The Rose family left Schitt's Creek, but not without leaving their mark on the tiny hamlet. Warning, spoilers follow for the series finale of Schitt's Creek titled "Happy Ending."
"Happy Ending" began with David (Dan Levy) receiving some not so happy news: It's pouring on his wedding day to Patrick (Noah Reid) Their outdoor venue? Just a big puddle. Their officiant? Canceled. So, the entire town came together under the guidance of Stevie (Emily Hampshire) and Johnny (Eugene Levy).
Moira (Catherine O'Hara), who previously served as officiant over one of Pat Sajak's weddings, stepped up to the plate for her son. Ronnie (Karen Robinson) secured flowers. The Jazzagals came together for music. Roland (Chris Elliot) secured the town hall for the venue.
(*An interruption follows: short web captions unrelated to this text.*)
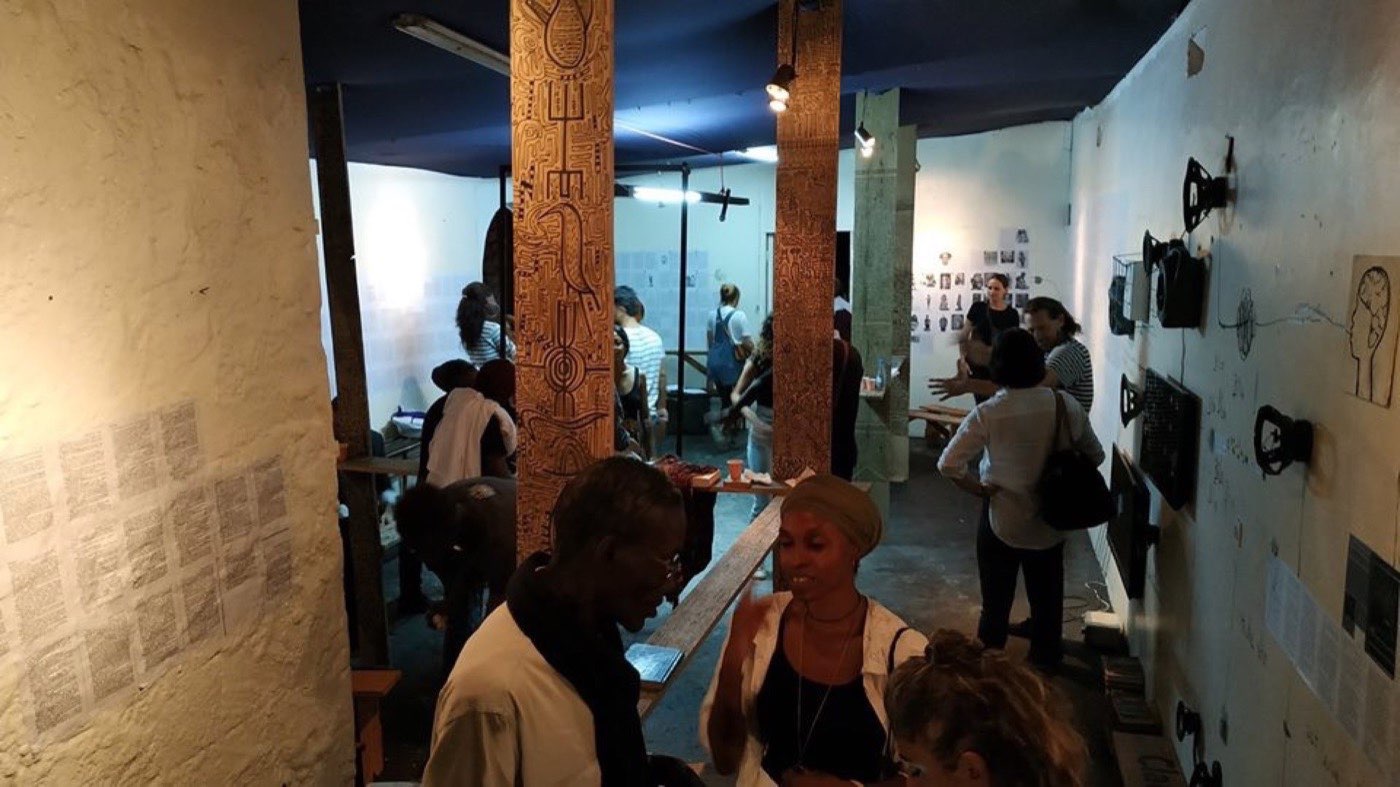Bibliothèque Performative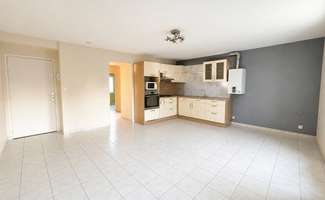 Photo Location appartement Montfort-sur-Meu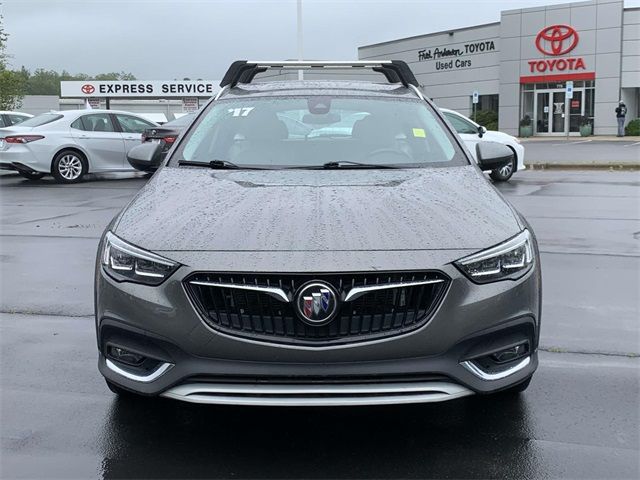 2018 Buick Regal TourX Essence
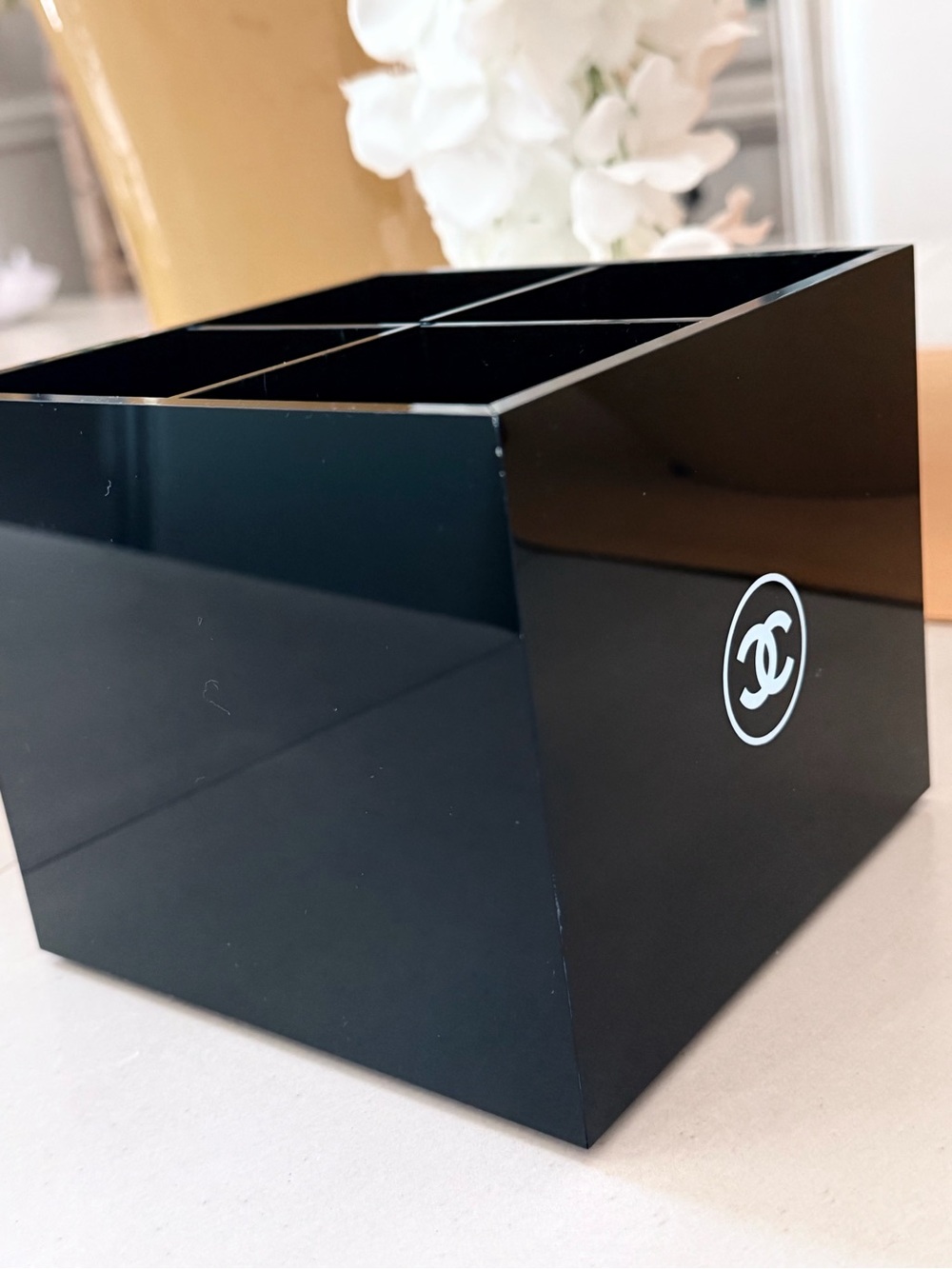 CHANEL Black & White Acrylic Cosmetic Caddy with CC Emblem - Picture 3 of 8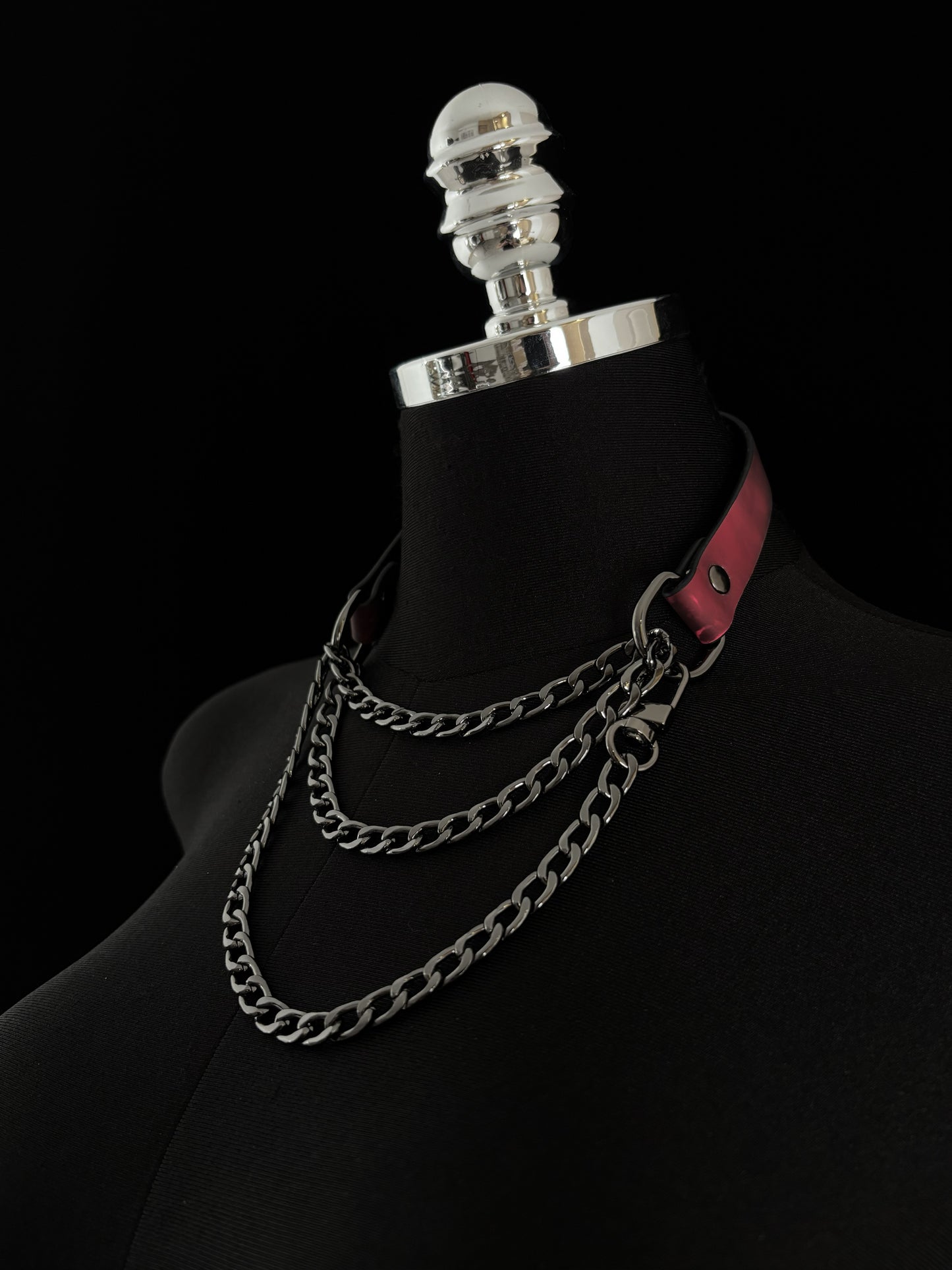 EVERGLIMP-Triple-Layer Choker-Black to Red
Meanwhile, Patrick arranged for David to have a massage and relax, something that was on the books before the weather-related mishaps.
And Patrick made sure to tip generously to ensure David received extra attention. However, he didn't anticipate that would mean David receiving a "happy ending" from the masseuse. With that, uh, hiccup in the past, David and Patrick made it down the aisle as the Jazzagals sang songs significant to the show, "The Best" and "Precious Love." During their vows, which were presided over by Moira in an ensemble that could only be called pope couture, Patrick sang Mariah Carey to David. Years ago, that act would have sent David running.
After celebrations, Moira and Johnny headed to the West Coast, leaving their children at the Rosebud Motel. But they never received Roland's going away present…until they were leaving the city limits. As they pulled away, Johnny saw the new Schitt's Creek sign which now featured his family in place of the Schitt family ancestors, acknowledging the family's impact on the town.
Throughout the episode, an air of finality could be felt. From Alexis booping her mom and brother on the nose, the way she shows affection and indication of a close relationship, to the musical selections at the wedding. The finale was rife with emotional moments, but quick to remind viewers to laugh. A balance that is hard to achieve, but one Schitt's Creek has mastered over it six seasons on the air.